• _Required action_:
Lines with "Powder": pull these out of the listing below.

• _Data for the task_:
□ □ □ □ □ □ □

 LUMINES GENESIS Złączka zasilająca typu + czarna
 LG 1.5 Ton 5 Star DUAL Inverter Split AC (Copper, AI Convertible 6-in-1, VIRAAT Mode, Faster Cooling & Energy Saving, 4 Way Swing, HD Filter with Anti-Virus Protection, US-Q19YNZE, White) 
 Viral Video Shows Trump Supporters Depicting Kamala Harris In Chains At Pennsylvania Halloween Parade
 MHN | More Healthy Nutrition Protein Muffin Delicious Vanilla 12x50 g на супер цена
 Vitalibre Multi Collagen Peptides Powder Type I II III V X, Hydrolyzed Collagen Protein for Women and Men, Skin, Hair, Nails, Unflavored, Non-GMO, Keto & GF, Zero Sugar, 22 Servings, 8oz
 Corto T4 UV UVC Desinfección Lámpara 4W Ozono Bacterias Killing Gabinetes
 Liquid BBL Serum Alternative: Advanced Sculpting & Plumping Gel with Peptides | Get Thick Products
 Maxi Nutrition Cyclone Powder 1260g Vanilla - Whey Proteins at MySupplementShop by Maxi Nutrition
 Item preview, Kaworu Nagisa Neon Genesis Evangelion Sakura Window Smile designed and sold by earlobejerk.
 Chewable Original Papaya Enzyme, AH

□ □ □ □ □ □ □

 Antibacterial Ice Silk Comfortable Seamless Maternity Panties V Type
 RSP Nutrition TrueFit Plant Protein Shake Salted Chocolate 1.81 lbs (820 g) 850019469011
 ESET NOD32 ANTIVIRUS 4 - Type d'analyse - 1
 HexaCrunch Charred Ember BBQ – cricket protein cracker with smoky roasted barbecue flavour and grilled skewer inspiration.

□ □ □ □ □ □ □

• _Response to this task_:
 Vitalibre Multi Collagen Peptides Powder Type I II III V X, Hydrolyzed Collagen Protein for Women and Men, Skin, Hair, Nails, Unflavored, Non-GMO, Keto & GF, Zero Sugar, 22 Servings, 8oz
 Maxi Nutrition Cyclone Powder 1260g Vanilla - Whey Proteins at MySupplementShop by Maxi Nutrition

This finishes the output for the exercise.